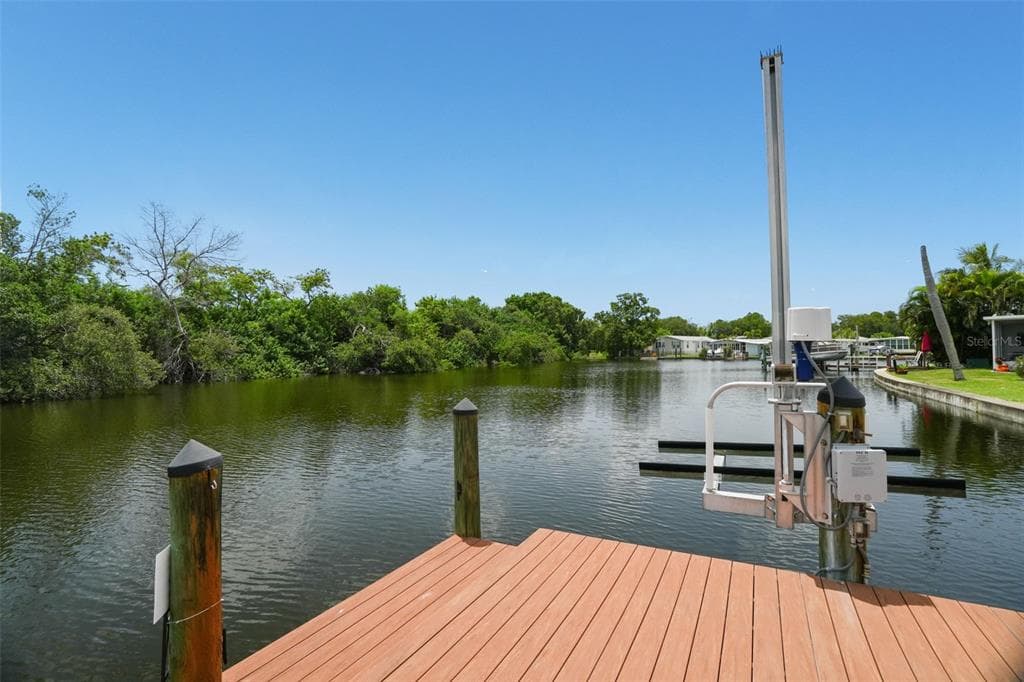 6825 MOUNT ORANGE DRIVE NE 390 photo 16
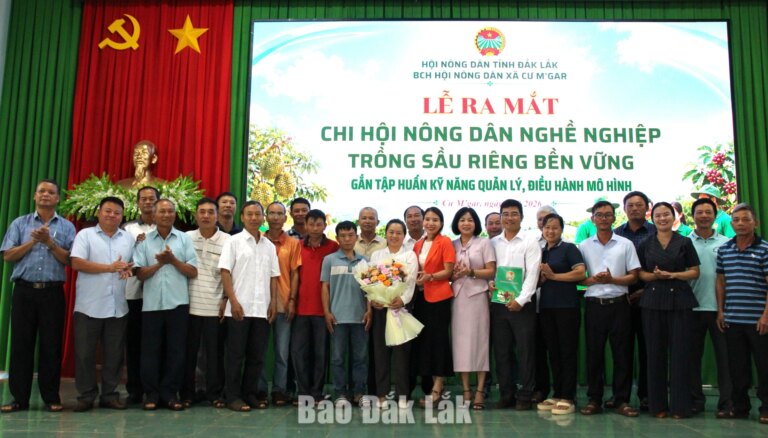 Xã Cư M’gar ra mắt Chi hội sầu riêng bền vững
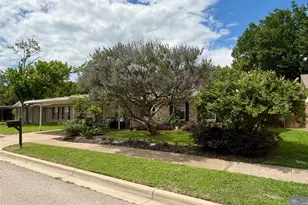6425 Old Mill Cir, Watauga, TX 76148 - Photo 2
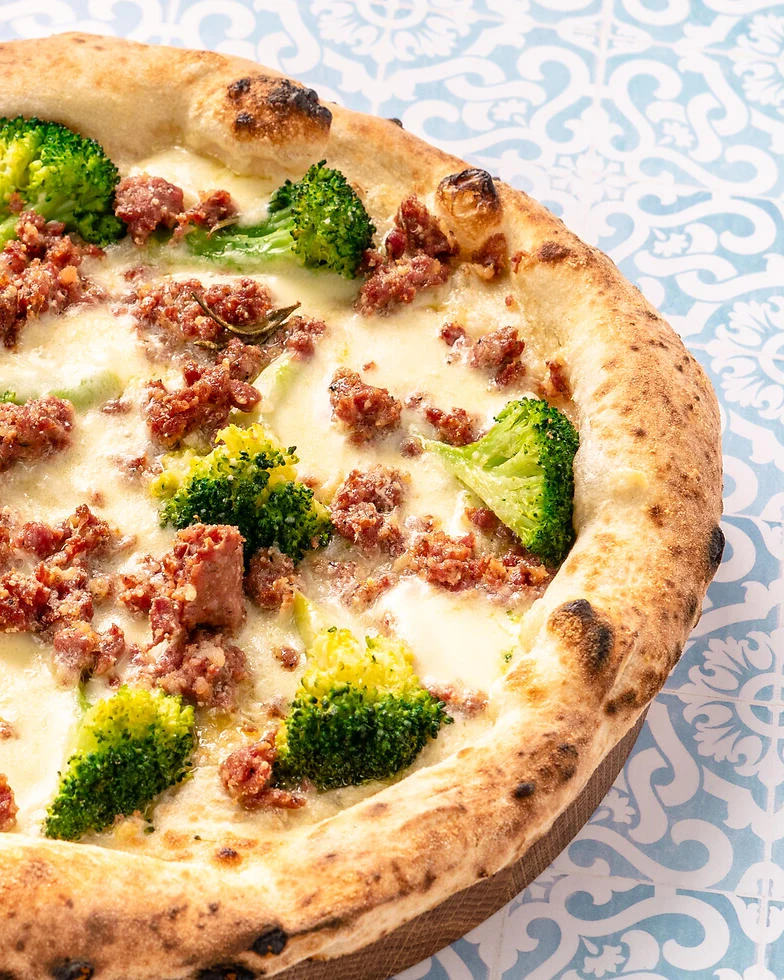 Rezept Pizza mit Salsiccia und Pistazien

■ Description of the task: The material should be returned verbatim, with all images omitted.

■ Answer section:
 6825 MOUNT ORANGE DRIVE NE 390 photo 16
 Xã Cư M’gar ra mắt Chi hội sầu riêng bền vững
6425 Old Mill Cir, Watauga, TX 76148 - Photo 2
 Rezept Pizza mit Salsiccia und Pistazien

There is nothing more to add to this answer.